I find the phrase "national treasure" to be a bit of a back-handed compliment for artists. When an artist's body of work is preserved only to suit nationalistic understandings (often restricted to a certain class of society), there is a tendency to overlook the subterranean contexts of his or her work. One such case is that of the late singer, poet, filmmaker, activist and composer Dr Bhupen Hazarika.
 
The constitution of a "national" identity lies at the crux of much of the havoc witnessed by the people of the Northeast of India. This is especially true for the population along forests, river banks, tea gardens and so on, who had to "assimilate or die" in a compulsory social homogenisation through the Census (which again had the backing of the ruling classes). But Hazarika was a man truly ahead of his times. He believed that Assam was one colourful gamusa ("A handwoven piece of silk cotton cloth, generally adorned with patterns and motifs along the borders") with multiple threads and colours binding themselves together.
 
His music draws from the melody and melancholy of those very people who weave these strands, in all its diversity.
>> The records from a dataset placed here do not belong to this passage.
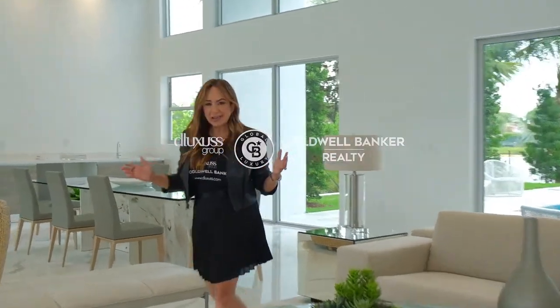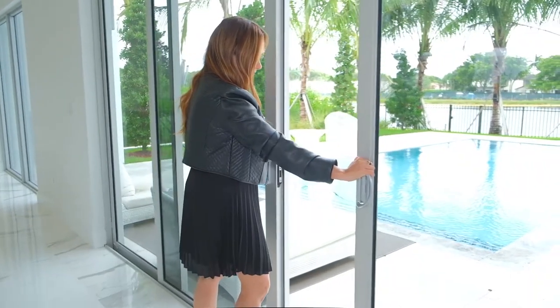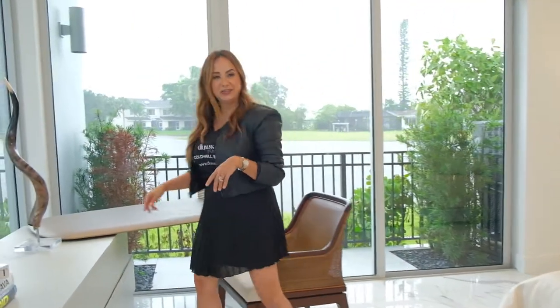Welcome to this spectacular brand new construction located in the city of Weston, with incredible outdoor living areas and indoor living areas. Open floor concept. Working from home? Not a problem — we got you covered.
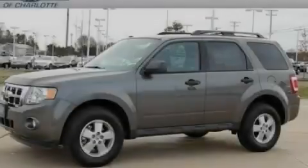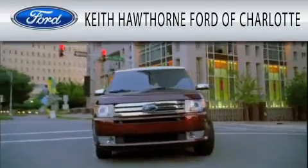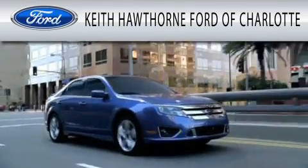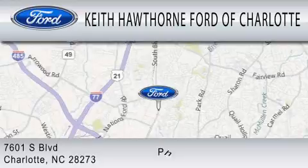Call or visit us right now and arrange your test drive today. Keith Hawthorne Ford of Charlotte is dedicated to doing everything possible to ensure that the experience you have selecting your next vehicle is as pleasant as possible. We are located at 7601 South Boulevard in Charlotte.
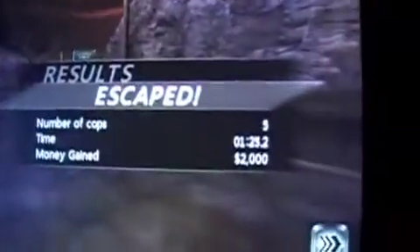So I got away — I got all five of them, escaped as you can see. Not bad. Got rid of five cops and made two grand.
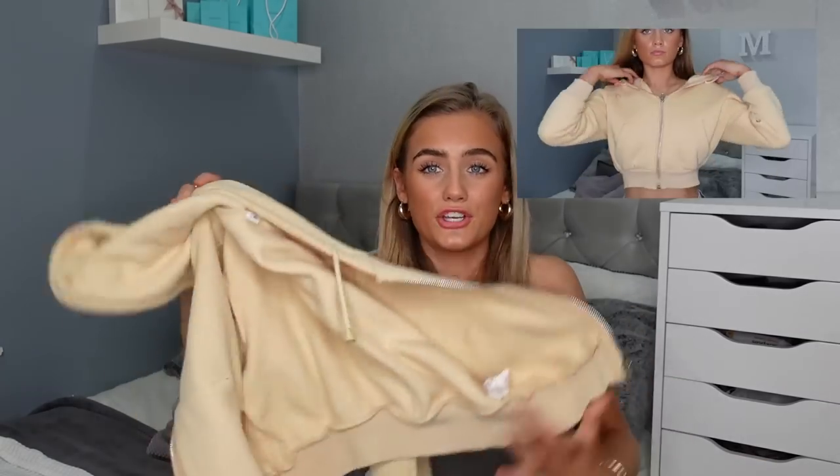On TikTok everyone's been raving about these Shein zip-up hoodies so I thought I'd get one. I was gonna get black and white but I've already got loads of those, so I went for a cute pale yellow. I probably could have got a small to be honest — I got it in extra small and it's a bit short on the sleeves — but it looks nice. 23 pounds.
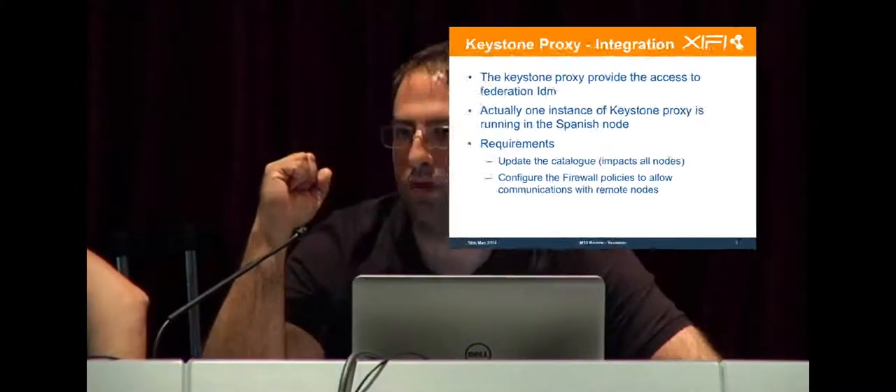The idea was to have a Keystone Proxy running on each node, as you have a Keystone running on each standalone node. But we found some problems with the synchronization of the databases. So in order to continue with the deployment of the FileLab Federation and not get blocked with this issue, we chose to stick with the Keystone Proxy that was already running with the Federation portal.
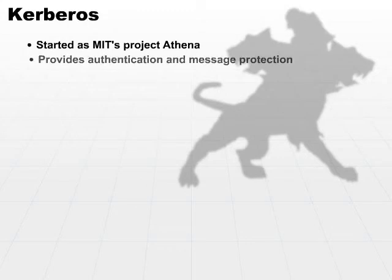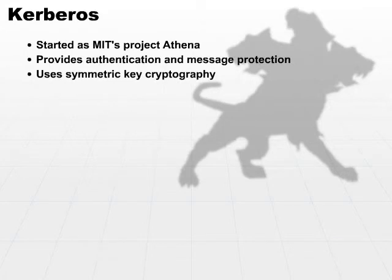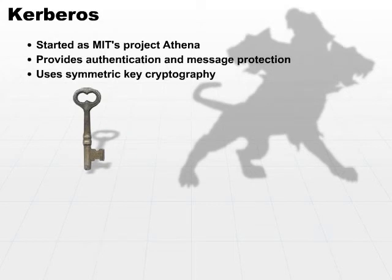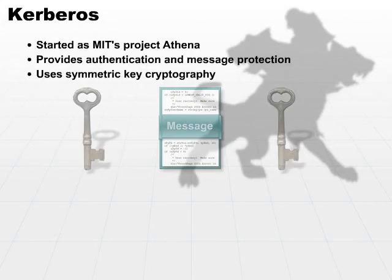The project provides authentication and message protection. In order to do that, it uses symmetric key cryptography. That's beyond the scope of what we are discussing here, but symmetric key cryptography basically means that one key is used to encrypt the message on one side, and the same key is used to decrypt the message on the other side — so the key must be shared.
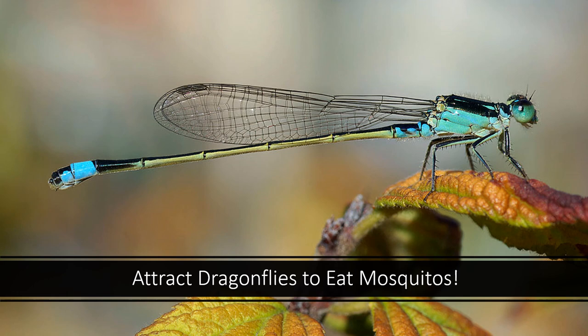We have a whole section on how to attract dragonflies in this class, so check that out if you're interested. Dragonflies will eat mosquitoes, so they're not only fun to watch and gorgeous, but they do serve a purpose.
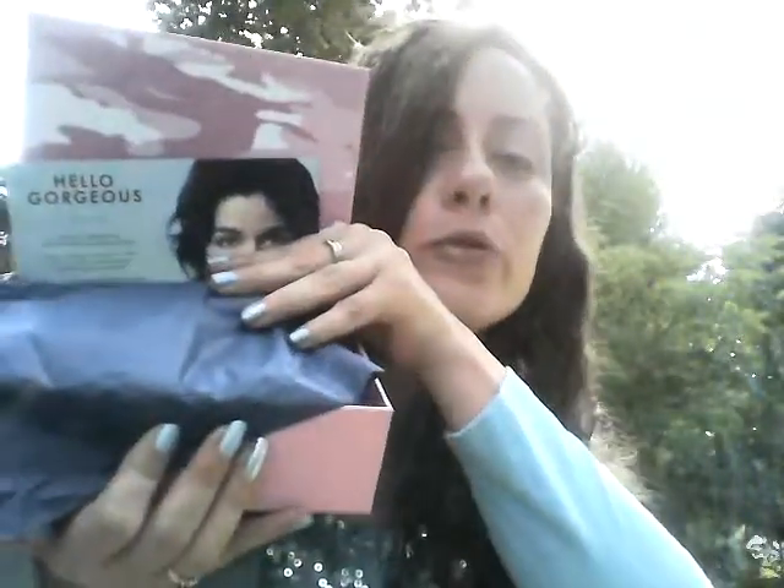Inside we have this blue tissue paper and this card here. Let's see what's inside. Beauty Army is a monthly subscription box service and you get to pick your own samples for this box. And it says, hello gorgeous.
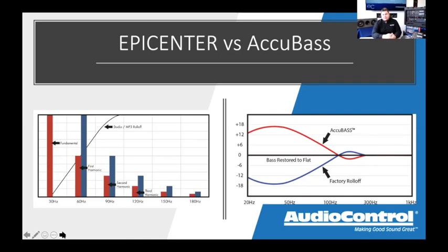On the Accubase side, the blue line represents factory roll-off — the factory stereo decreasing bass as you turn up the volume. The red line represents Accubase restoring that bass back and even providing a boost if you want it. You can restore bass back to flat or push it past flat. If you want to learn more about Accubase, check out previous trainings on our LC2i, 6i, and 7i — we dive deep into Accubase in those.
The identity of being Assamese was never exclusive. In Bhupen-da's songs, a repertoire that spanned folk, modern and historical traditions, fusion occurred spontaneously, like the meeting of rivers. Sung in many languages and often containing dialects and words of the marginalised sections of society, his uplifting lyrics are an embodiment of the happy heterogeneity that unites people in Assam and the states of the Northeast. His politics were not nationalistic essentialism, for he was aware and scornful of the divisive politics of the nation-state.
 
The Mishings, the tea tribes, the Bodos, Tiwas and Khasis had perhaps loved Bhupen-da most of all. One of his great contributions was bringing their words and their songs to a cultural set-up that was hierarchical and believed in the binary of "us and them". Bulu O' Mishing Dekaati, a song retelling the tragic love story of Jonkey and Paanei (based on Rajani Kanta Bordoloi's Miri Jeeyori) brings to light how petty social fractures (both within the Mishing community and in antagonism to the Assamese people) were responsible for marking an end to the young couple's future. Hazarika urges Disang youngsters of that time to look at the waters of Disang uniting in the Luit as an example of peace and co-existence in nature. He He He Dhole Dogore is another case in point. Based on a Khasi folk tale (lok gatha), this song seeks points of cultural intersection between Meghalaya and Assam. It skilfully elevates the flute of a Khasi farmer to Krishna's flute in Hindu mythology, equalising the commoners with the ruling class. Similarly, the golden threads of Muga silk of Assam that make up the beautiful Khasi female attire Jainsem find themselves alive in these lyrics.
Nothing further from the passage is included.